Le contenu de l’audit dit au contraire que tout le code nécessaire à la migration était hébergé sur des dépôts GIT, qu’il a été audité et que la migration était possible. « On a des backups et on pourrait s’en remettre, si cela arrivait, je serai sur le pont », explique Florent Ourth, lorsque l’on évoque un possible piratage et une fuite des données personnelles des visiteurs du site. Difficile de lui faire admettre que si l’on se veut très vertueux dans ses combats en tant qu’association de défense de la cause animale, on devrait aussi l’être dans la défense des données personnelles des sympathisants. Et donc de tout faire pour les protéger. « Il n’y a quasiment pas de données dans la base de données du Drupal, tout est ailleurs, par exemple pour les dons, les pétitions et les newsletters », martèle-t-il.

Plusieurs sites de l’association tournent désormais sous Wordpress, comme improved-food.com. Ce dernier présente cependant des défauts triviaux d’installation. Ce n’est toutefois pas le cas de la partie Wordpress de L214.com.

En tout, toutes technologies confondues, sans viser l'exhaustivité, Reflets a compté 8 sites vulnérables.

L214 ne semble pas faire grand cas des informations qui lui sont confiées par ses sympathisants, sans quoi elle aurait procédé à cette migration pour protéger, par exemple, les messages laissés par les visiteurs soucieux de faire un don ou un legs. Plus généralement et au-delà de cela, L214 est terriblement fan des outils des GAFAM, ce qui n’est pas un gage de volonté de protéger les données personnelles des visiteurs.
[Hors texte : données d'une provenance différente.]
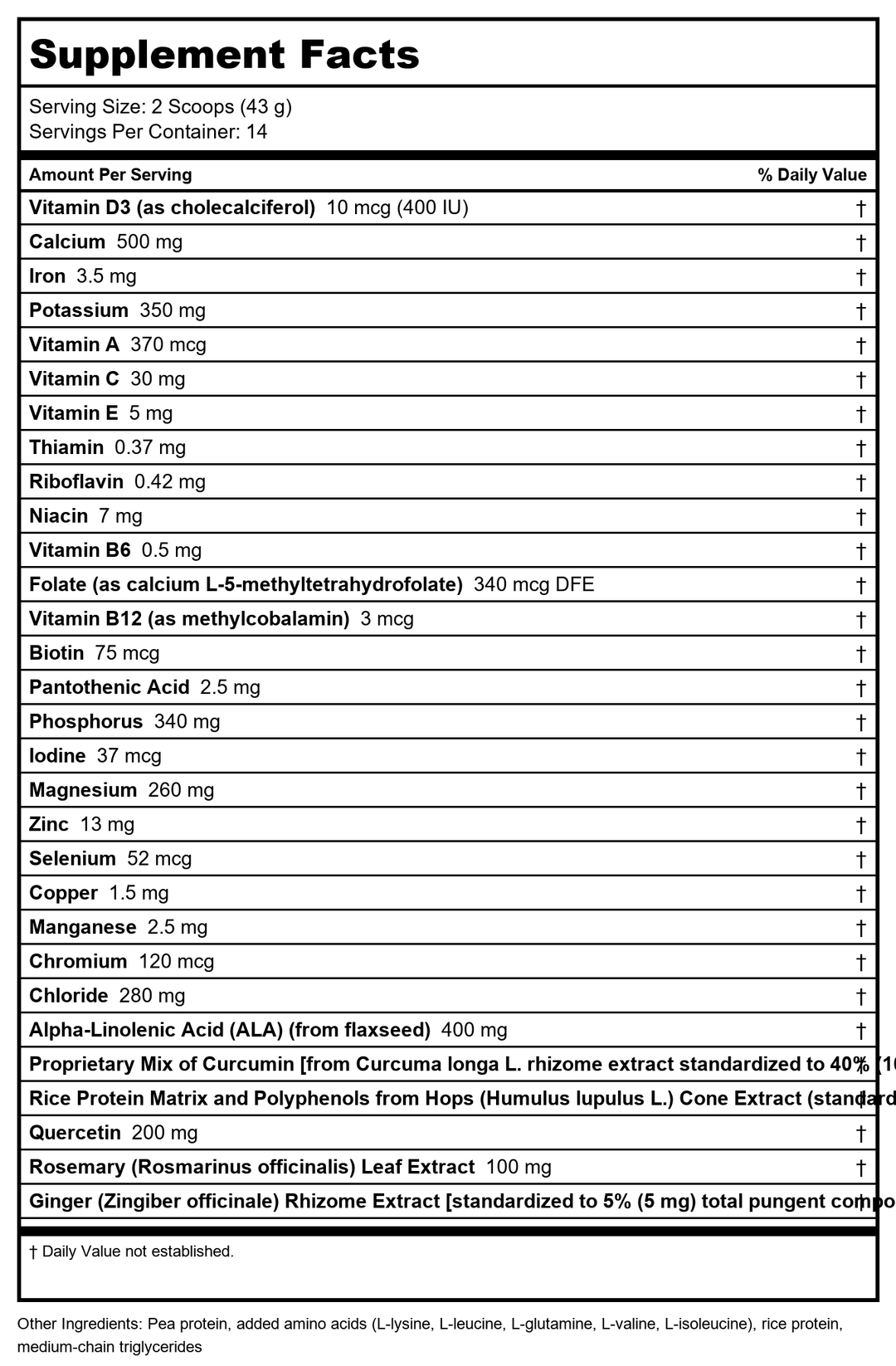 Metagenics UltraInflamX Plus 360 Mango 14 Servings - - Supplement Facts panel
On l’a vu, le site est protégé par Cloudfare. Les données des visiteurs migrent donc aux États-Unis. Mais ce n’est pas tout. Les équipes utilisent Google pour le mail et les mailing-list de travail ou pour leur intranet. En octobre 2020, la lettre interne fait le point sur le RGPD. L214 indique alors que l’une des « règles d’or » est de sécuriser les données. Il faudrait sans doute en toucher un mot à Florent Ourth…

Making of

Notre appel a visiblement eu plus d'impact que des années d'alertes en interne. Nous avons reçu à la veille de la publication de notre article le SMS suivant de la part de Florent Outrh :

Bonjour, je suis Florent Ourth, responsable informatique pour L214, je reviens vers vous pour vous dire que j'ai vidé les tables Drupal 6 liées aux formulaires, elles n'étaient utilisées par personne dans l'association. J'ai aussi mis une routine en place pour supprimer toute les nuits ces tables. J'applique la même chose sur www.politique-animaux.fr. Il n'y a maintenant plus aucune information de visiteurs dans ces systèmes. Merci pour les échanges. Bonne fin d'après-midi à vous.